Under its business model, PURE works to acquire single-family residential property management companies and then invests in their people and processes. Rather than build the tech, PURE works to see which tech is working best for certain business strategies and then helps to implement it across its other acquisitions based on their needs.
So far, PURE has acquired, and now oversees, companies in Alabama, Arkansas, Arizona, Georgia, Iowa, Minnesota, Nebraska, North and South Carolina, Oklahoma, Texas and Washington. The bulk of its business, however, rests in California.
“Too much emphasis is placed on the ‘tech’ while lacking the ‘prop’ experience to design and deliver genuinely useful solutions,” said Joseph Polverari, PURE’s co-founder. “We’re not here to disrupt or reimagine anything, just solve the real problems that our property managers, residents and owners face every day, with a laser focus on tech-enabling and automating process workflows.”
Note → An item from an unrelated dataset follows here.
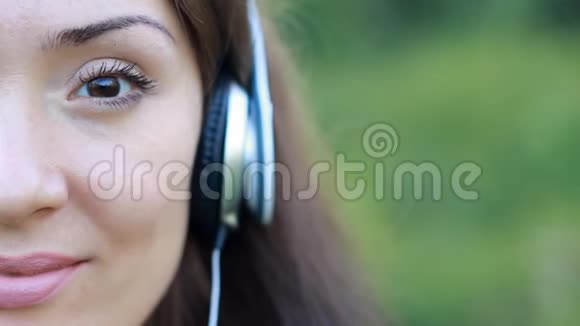 戴着耳机听音乐的漂亮女人半张脸特写心情愉悦放松放松视频的预览图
Prior to PURE, Polverari helped lead corporate development and strategy at Yodlee, a financial data aggregation and analytics platform, through its IPO in 2014 and subsequent acquisition by Envestnet.
Michael Catalano, PURE’s co-founder alongside Polverari, noted the company is aiming to place itself as the largest third-party residential property management company in the U.S. In October, PURE announced it had grown to over 100 employees, and held over 10,000 doors under its management within its first year of operation.
“PURE’s incredible financial momentum, technology, and exceptional management team make this investment compelling,” said Ben Levin, Level co-founder and CEO. “We’re excited to contribute our capital, expertise and experience towards another enormous and fragmented real estate submarket with significant demand for efficient, innovative customer experiences.”
Level Equity was one of the first institutional investors in Vacasa (NASDAQ: VCSA), a tech-enabled vacation rental property management company, and Leonardo247, an on-site performance and operations management software for the multi-family market.